- **EXERCISE MATERIAL**:
____________________

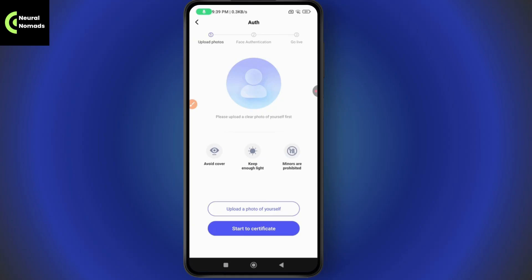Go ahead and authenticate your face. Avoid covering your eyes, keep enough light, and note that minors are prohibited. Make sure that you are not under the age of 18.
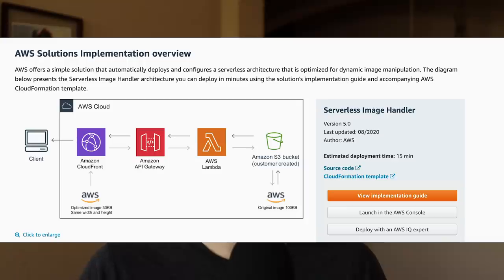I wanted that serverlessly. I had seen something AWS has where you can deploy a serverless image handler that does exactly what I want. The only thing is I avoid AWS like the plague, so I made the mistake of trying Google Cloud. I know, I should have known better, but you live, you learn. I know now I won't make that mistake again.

____________________

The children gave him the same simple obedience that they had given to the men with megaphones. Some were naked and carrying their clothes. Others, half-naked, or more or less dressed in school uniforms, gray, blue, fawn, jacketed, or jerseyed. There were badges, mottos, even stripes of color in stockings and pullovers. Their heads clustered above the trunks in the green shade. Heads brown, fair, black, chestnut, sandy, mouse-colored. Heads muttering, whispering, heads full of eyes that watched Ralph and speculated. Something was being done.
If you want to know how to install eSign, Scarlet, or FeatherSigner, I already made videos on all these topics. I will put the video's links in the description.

____________________

- **ACTIVITY**:
Each line in the listing above from the one containing "The children gave" through the one containing "If you want" should be repeated exactly, and no other line.

- **REPLY TO THE EXERCISE**:
The children gave him the same simple obedience that they had given to the men with megaphones. Some were naked and carrying their clothes. Others, half-naked, or more or less dressed in school uniforms, gray, blue, fawn, jacketed, or jerseyed. There were badges, mottos, even stripes of color in stockings and pullovers. Their heads clustered above the trunks in the green shade. Heads brown, fair, black, chestnut, sandy, mouse-colored. Heads muttering, whispering, heads full of eyes that watched Ralph and speculated. Something was being done.
If you want to know how to install eSign, Scarlet, or FeatherSigner, I already made videos on all these topics. I will put the video's links in the description.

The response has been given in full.